> Work to complete
Leave every image out, and return the rest of the data word for word.

> Supplied information
__________________________________________________

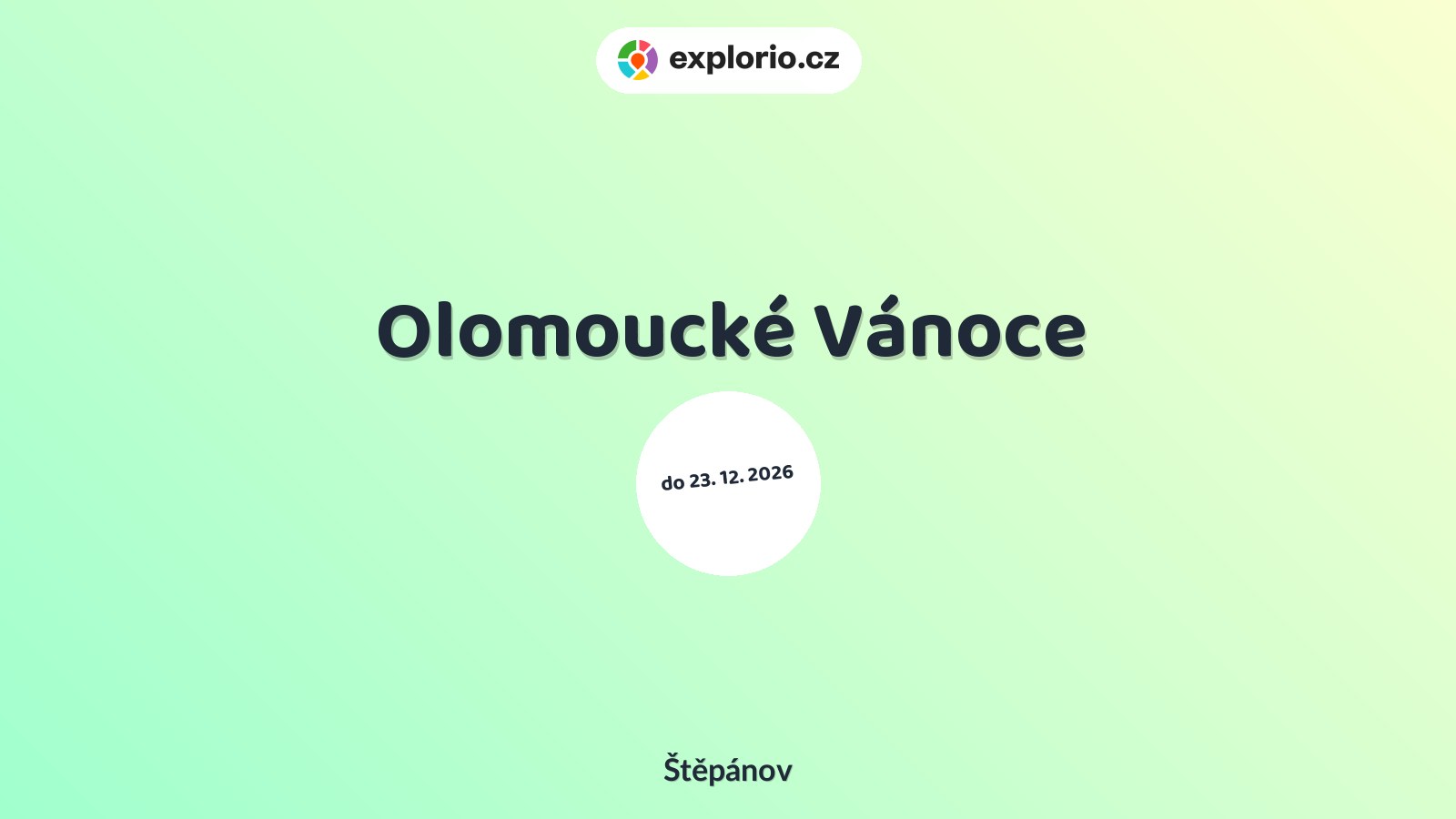 Olomoucké Vánoce – festivaly a Slavnosti, Štěpánov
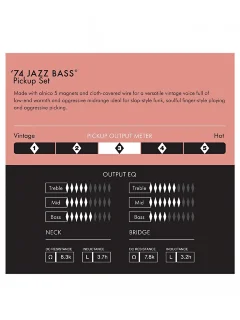 Fender Pure Vintage '74 Jazz Bass Pickup Set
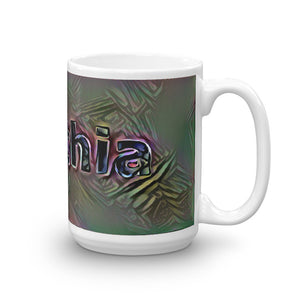 Cynthia Mug Dark Rainbow 15oz left view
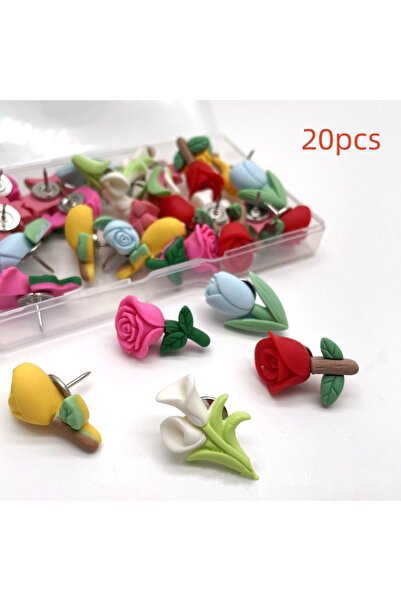 Choice 20 قطعة من دبابيس الزهور الراتنجية من Bview Art (20/50 قطعة) - دبابيس ...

__________________________________________________

> Written answer
 Olomoucké Vánoce – festivaly a Slavnosti, Štěpánov
 Fender Pure Vintage '74 Jazz Bass Pickup Set
 Cynthia Mug Dark Rainbow 15oz left view
 Choice 20 قطعة من دبابيس الزهور الراتنجية من Bview Art (20/50 قطعة) - دبابيس ...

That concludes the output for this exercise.